**What you will do**
From the line containing "Amber Beeswax Bracelet, Retro" through the last line of the data, both ends included, write out every line exactly; omit the pictures.

**Available records**
§ §
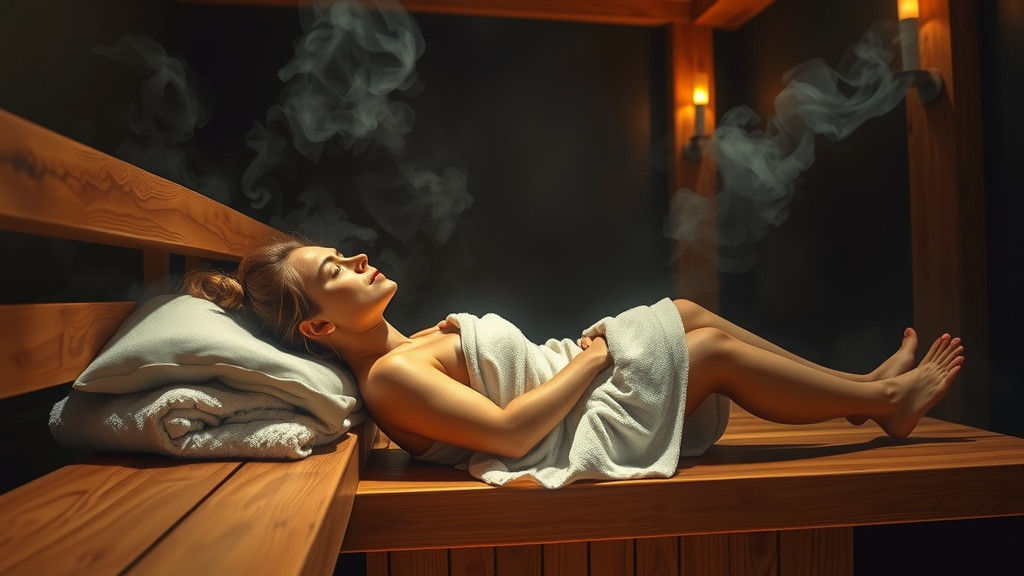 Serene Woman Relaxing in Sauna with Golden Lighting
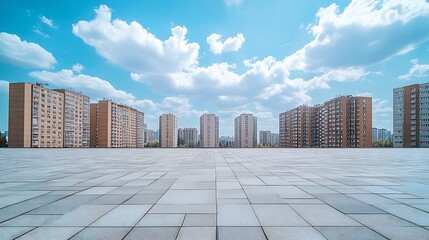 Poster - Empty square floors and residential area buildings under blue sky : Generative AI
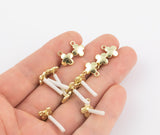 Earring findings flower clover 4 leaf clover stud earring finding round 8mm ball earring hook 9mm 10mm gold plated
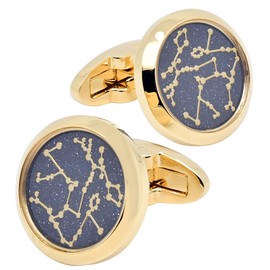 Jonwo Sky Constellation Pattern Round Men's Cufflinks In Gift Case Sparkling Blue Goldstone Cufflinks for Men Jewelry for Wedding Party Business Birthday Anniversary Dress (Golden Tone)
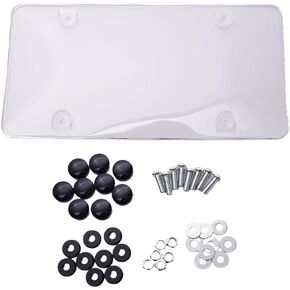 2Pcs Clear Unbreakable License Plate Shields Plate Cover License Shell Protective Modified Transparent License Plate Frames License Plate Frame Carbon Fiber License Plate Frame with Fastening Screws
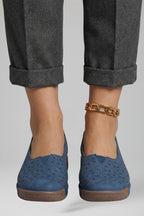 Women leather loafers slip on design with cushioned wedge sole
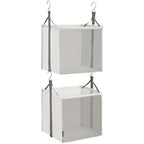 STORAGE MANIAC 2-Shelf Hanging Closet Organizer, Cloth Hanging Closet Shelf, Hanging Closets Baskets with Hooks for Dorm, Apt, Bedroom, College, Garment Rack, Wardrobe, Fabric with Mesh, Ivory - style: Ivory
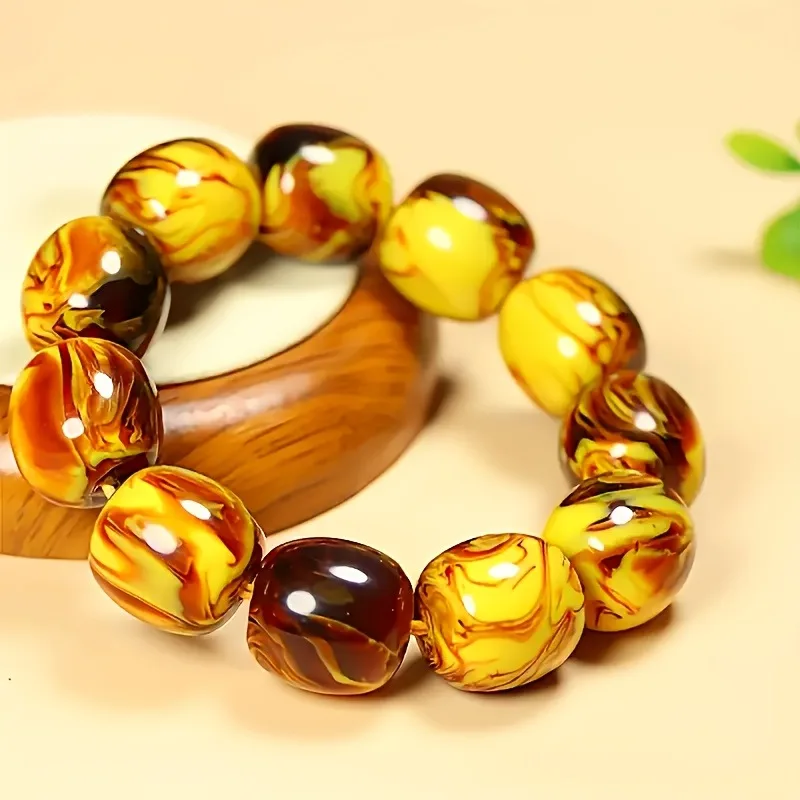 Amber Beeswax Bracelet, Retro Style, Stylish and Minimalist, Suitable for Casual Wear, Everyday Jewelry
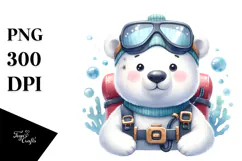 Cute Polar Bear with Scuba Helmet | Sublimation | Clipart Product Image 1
§ §
**Task response**
 Amber Beeswax Bracelet, Retro Style, Stylish and Minimalist, Suitable for Casual Wear, Everyday Jewelry
 Cute Polar Bear with Scuba Helmet | Sublimation | Clipart Product Image 1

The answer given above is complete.